• **Aim of the exercise**:
The listing below should be reproduced exactly, with the pictures omitted.

• **Provided material**:
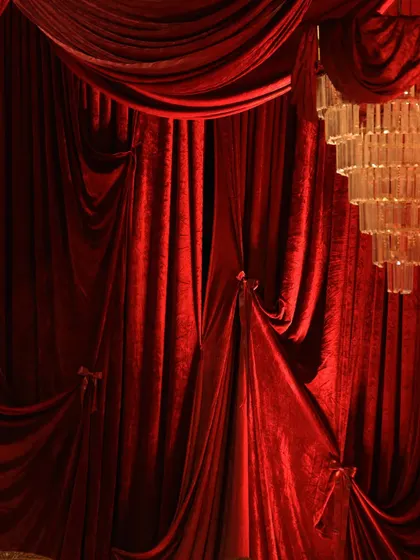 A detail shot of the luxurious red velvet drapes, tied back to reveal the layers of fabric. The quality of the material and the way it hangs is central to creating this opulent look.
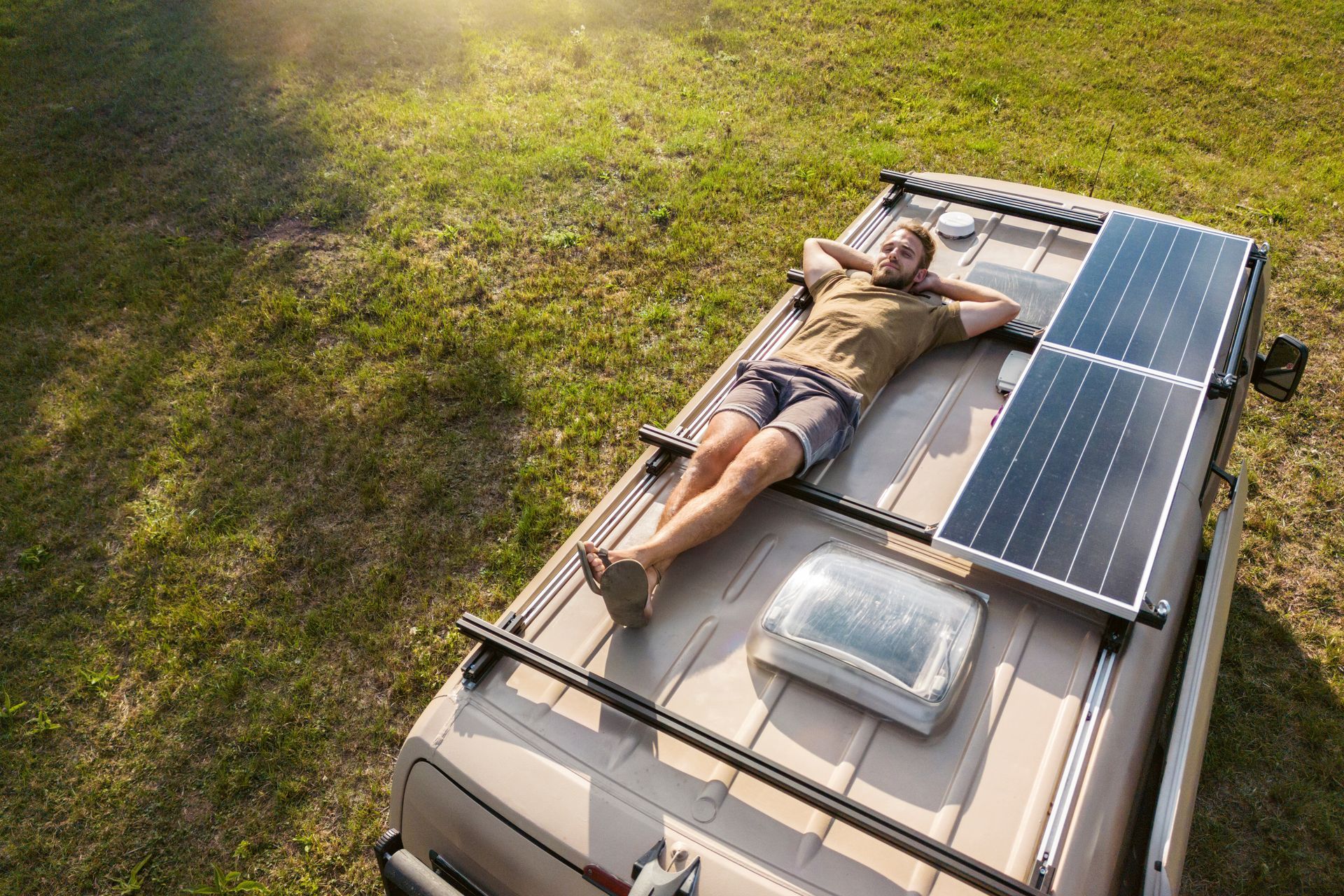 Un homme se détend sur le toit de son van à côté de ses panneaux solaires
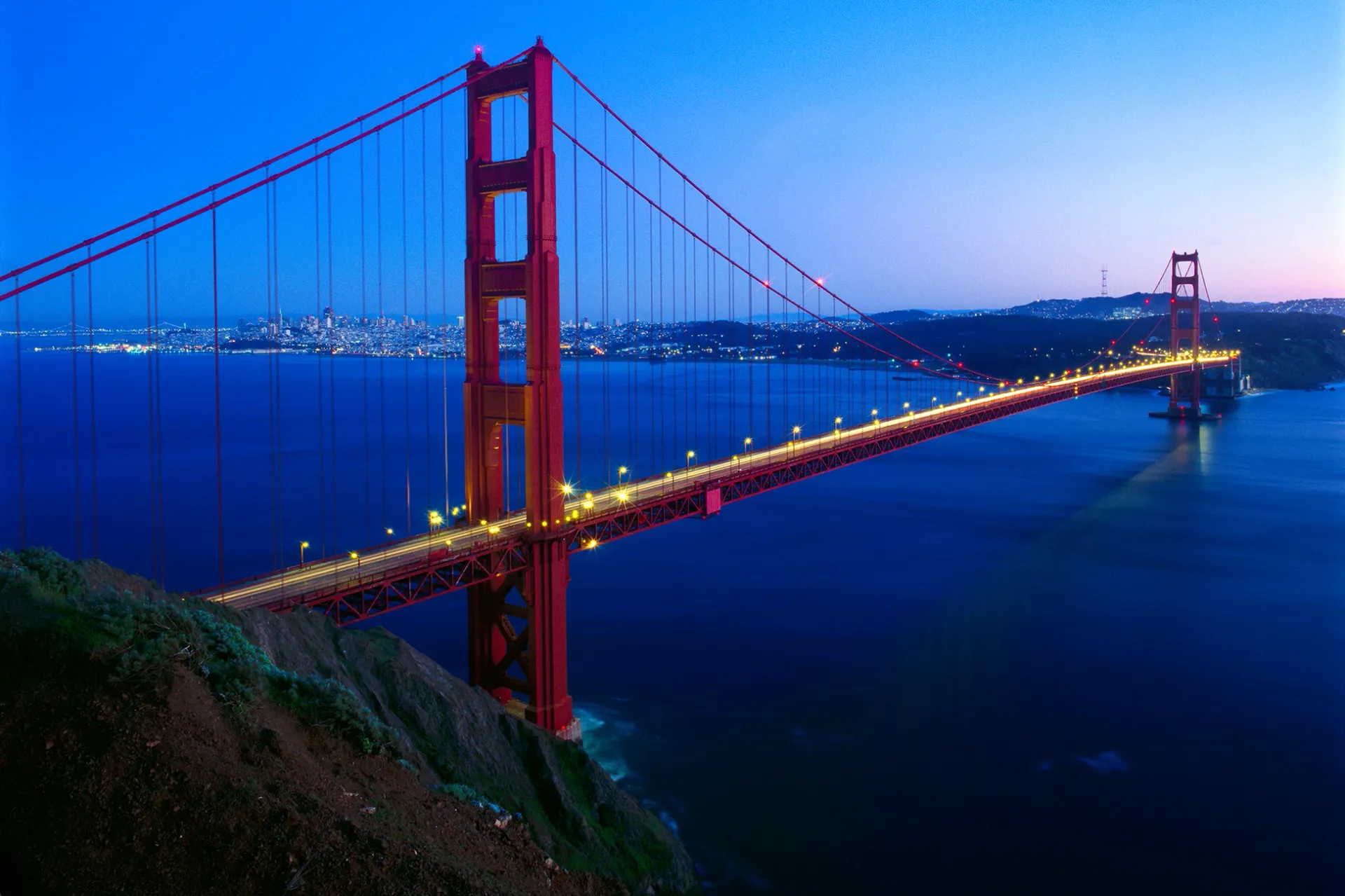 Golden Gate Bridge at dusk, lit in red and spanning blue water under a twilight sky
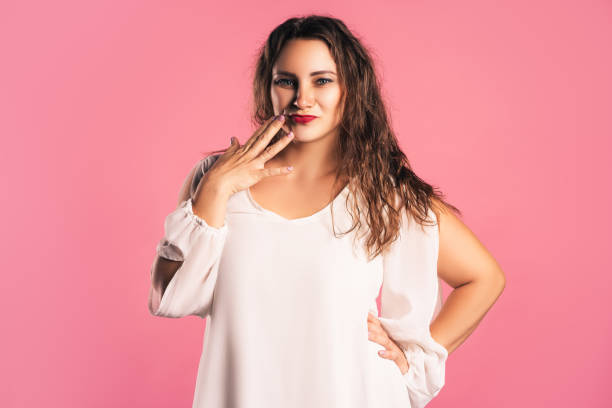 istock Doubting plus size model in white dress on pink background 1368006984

• **Result for this task**:
 A detail shot of the luxurious red velvet drapes, tied back to reveal the layers of fabric. The quality of the material and the way it hangs is central to creating this opulent look.
 Un homme se détend sur le toit de son van à côté de ses panneaux solaires
 Golden Gate Bridge at dusk, lit in red and spanning blue water under a twilight sky
 istock Doubting plus size model in white dress on pink background 1368006984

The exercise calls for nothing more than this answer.